If Friedman's journalistic lodestar is the cabbie who drives him from the airport, Kristof sets his reportorial compass by the local Apple store.
Of course, in Tehran, it's not the official Apple store. It's the local shop selling smuggled iPads and iPods.
Kristof uses his experience at the store to highlight the sophisticated character of the Iranian urbanite, yearning to be part of the cosmopolite international elite plugged into the Western system - and disenchanted with the obstinate theocracy whose independent foreign policy deprives him or her of unfettered access to these desirable doo-dads.
Undoubtedly, Kristof's heartstrings would also be tugged into further empty expressions of "regret" and "apologies" by reports that American Apple sales clerks, acting on corporate instructions to adhere strictly to the US sanctions regime, are refusing to sell their electronic treasures to Farsi-speaking customers, whether or not they actually intend to send them to relatives inside Iran. 
Nevertheless, smuggled Apple products apparently enter Iran in large enough quantities that the premium is only $40 to $60 more than what US consumers pay. 
A more striking example of Kristof's neo-liberal tunnel vision occurs as he discusses another outrage inflicted on Iranian youth by the mullahs' refusal to knuckle under to the West:
I chatted with the owner of a store selling Nike, Adidas and Saucony sneakers, hugely prized as status symbols. If a young man wants to find a girlfriend, the shop owner explained, the best bet is to wear Nikes.
But sales have dropped by two-thirds in the last year, he fretted. He added in disgust that some Iranians are in such penury that they attend parties wearing Chinese-made, fake Nikes.
Perhaps Kristof needs reminding that Nikes, both real and fake, are made in China (virtually all Nikes are made in the democratic hot spots of Vietnam, China, and Indonesia).

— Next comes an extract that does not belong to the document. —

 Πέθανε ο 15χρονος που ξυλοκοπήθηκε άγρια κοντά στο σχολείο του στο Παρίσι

For that matter, Apple is pretty much a Made in China operation.
Which brings us to the issue of unintended consequences.
Beyond inflicting pain on Iranian citizens and eroding the legitimacy and authority of the Iranian regime, the Western sanctions regime has accelerated both the strategic alliance and the economic integration of the Iranian regime and the People's Republic of China.

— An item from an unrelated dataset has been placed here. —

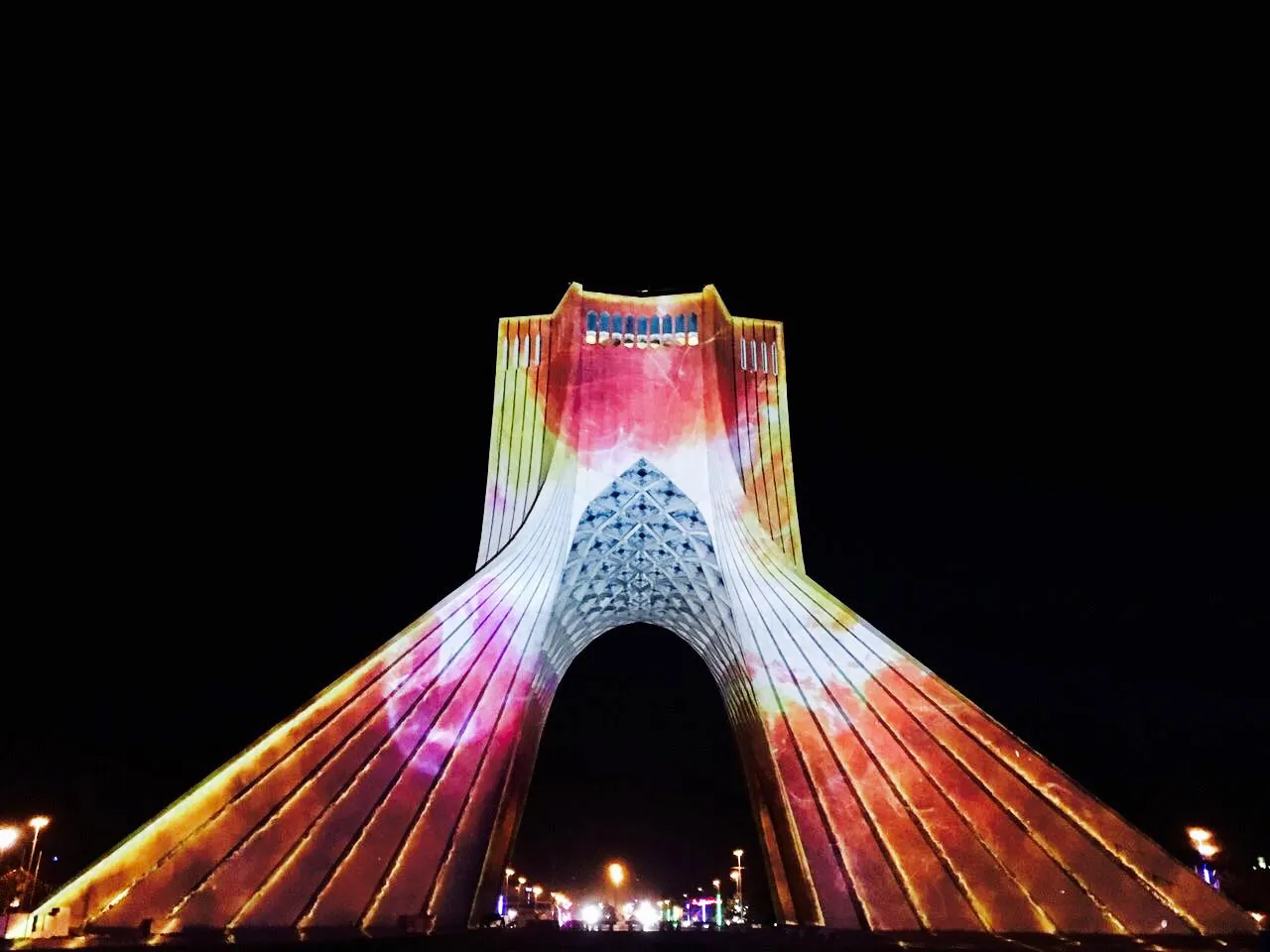 برنامه سمفونی نور «سیمرغ صلح»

As the United States, EU states, and Japan have pursued their program of diplomacy by harassment against Iran, China has exploited the opportunity to scoop up energy and infrastructure projects.
This Chinese "backfilling" has attracted the anger and frustration of the United States for at least a decade - and some serious heartache for the EU, which regards Iran as its natural market and energy source.
But China can do what it wants, it seems. China hasn't signed on to the sanctions regime - beyond the narrow nuclear, weapons of mass destruction and missile-related sanctions passed by the Security Council - and has declined to follow US sanctions guidance or, for that matter, weigh in with any national sanctions of its own.
The Chinese conundrum has been a key headache for US strategy on Iran. Beijing's resistance to playing the sanctions game has undercut US strategy both toward Tehran and Pyongyang.
The US government has made what I believe is disastrous and strategically short-sighted decision in response - politicizing the enforcement powers of the Treasury Department in order to leverage the central US position in the world financial system for narrow geopolitical ends.
The theory is that recalcitrant nations can be coerced into supporting US national sanctions through the threat of cutting off their financial institutions from the world financial system.
The experiment was first tried against China on the issue of North Korea in the matter of a Macao institution, Banco Delta Asia (BDA) during the George W Bush administration.
In 2007, BDA was cut off from the US financial system on some extremely dubious charges concerning its purported role as a nexus for North Korea's alleged efforts to launder the notorious "Supernote" counterfeits.
The fact that BDA sent all of its cash deposits to that distinguished imperial institution, Hong Kong & Shanghai Bank, for inspection and no counterfeits had been detected for years was an evidentiary speed bump that the US Treasury Department's newly politicized Financial Crimes Enforcement Network or FinCEN easily ignored.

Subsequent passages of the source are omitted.